For anyone in recruitment, having as many first level connections as possible, naturally increases the spread of your network, and increases the potential to find precisely the right candidate for a role. With 260 million people* in over 100 countries at the time, that was a phenomenal reach. *(as of February 2022, there were 810 million profiles).

Humans have a primal desire to collect (as is clearly explained in John Naish’s insightful book “Enough”), and so some people are purely interested in numbers for the perceived cachet of being ‘popular’, or for the financial benefit of monetising these connections.

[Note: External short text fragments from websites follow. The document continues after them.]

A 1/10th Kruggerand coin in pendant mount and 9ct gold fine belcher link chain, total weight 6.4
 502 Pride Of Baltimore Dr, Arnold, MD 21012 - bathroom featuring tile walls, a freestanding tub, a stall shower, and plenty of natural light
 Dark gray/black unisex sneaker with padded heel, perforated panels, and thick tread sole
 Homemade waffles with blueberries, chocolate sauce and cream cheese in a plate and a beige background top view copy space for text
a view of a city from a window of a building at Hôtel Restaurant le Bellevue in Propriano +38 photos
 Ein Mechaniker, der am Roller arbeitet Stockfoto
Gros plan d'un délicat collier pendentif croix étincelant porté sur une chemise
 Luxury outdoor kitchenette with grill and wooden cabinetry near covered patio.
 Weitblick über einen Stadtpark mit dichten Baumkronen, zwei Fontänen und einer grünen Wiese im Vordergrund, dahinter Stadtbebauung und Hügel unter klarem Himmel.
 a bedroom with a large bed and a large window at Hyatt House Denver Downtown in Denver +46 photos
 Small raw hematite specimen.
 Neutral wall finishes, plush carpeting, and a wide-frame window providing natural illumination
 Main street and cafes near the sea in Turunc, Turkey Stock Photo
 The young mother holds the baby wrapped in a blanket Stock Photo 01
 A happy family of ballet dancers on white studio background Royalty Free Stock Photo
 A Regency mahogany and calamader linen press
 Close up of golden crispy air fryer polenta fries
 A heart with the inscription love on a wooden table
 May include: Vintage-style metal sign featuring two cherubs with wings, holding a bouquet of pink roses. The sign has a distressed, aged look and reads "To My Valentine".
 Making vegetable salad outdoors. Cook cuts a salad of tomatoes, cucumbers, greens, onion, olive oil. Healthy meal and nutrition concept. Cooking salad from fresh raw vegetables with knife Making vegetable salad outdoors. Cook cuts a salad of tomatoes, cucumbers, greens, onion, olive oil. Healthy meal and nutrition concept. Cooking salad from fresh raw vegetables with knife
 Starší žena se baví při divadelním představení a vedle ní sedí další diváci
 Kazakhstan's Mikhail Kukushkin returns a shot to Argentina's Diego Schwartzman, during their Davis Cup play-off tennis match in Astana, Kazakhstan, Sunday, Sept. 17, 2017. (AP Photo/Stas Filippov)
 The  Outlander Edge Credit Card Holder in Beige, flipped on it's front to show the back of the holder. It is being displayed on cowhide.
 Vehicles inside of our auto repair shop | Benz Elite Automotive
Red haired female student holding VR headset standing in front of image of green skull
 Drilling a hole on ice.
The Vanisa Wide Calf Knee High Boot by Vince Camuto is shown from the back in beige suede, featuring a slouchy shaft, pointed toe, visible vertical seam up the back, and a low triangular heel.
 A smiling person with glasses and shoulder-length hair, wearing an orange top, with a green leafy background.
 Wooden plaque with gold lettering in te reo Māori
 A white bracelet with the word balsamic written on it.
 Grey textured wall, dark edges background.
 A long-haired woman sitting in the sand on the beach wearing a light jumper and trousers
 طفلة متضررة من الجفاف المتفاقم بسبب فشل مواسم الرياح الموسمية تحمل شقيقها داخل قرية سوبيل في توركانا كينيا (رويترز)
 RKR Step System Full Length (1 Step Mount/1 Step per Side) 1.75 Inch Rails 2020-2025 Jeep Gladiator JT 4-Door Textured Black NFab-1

On more than one occasion, a personal acquaintance asked for a professional reference. As I had not collaborated in any work / project environment with these people, I politely explained that I was happy to attest to their character, but could not extend this to a professional referral. In one case, the request came from a young person who had successively changed jobs no less frequently than every twelve months! How could I put my reputation behind vouching for a person who would likely leave their new employer within a year?

In 2004, a futurist I contacted, said he would only connect after we had met in person. Consequently, I coined the acronym LAM for “Link After Meeting”, and posed the question “Are you a LiON or a LAM(b)?”

We all receive connection requests from people we have not met. Some are legitimately friends of friends who are able to mutually benefit from the connection. Some are people starting out on careers and wishing to interact and learn. Others are casually or cynically looking to benefit with the merest of motivations.

Today, in addition to connection requests from people intent on capitalising on your network without any valid contribution, there are these fake identities spamming us with requests. In both cases, the response should be to deny the connection AND also aid LinkedIn to identify these spammers by clicking “I do not know this person“.

Your legitimate network is devalued if you do otherwise.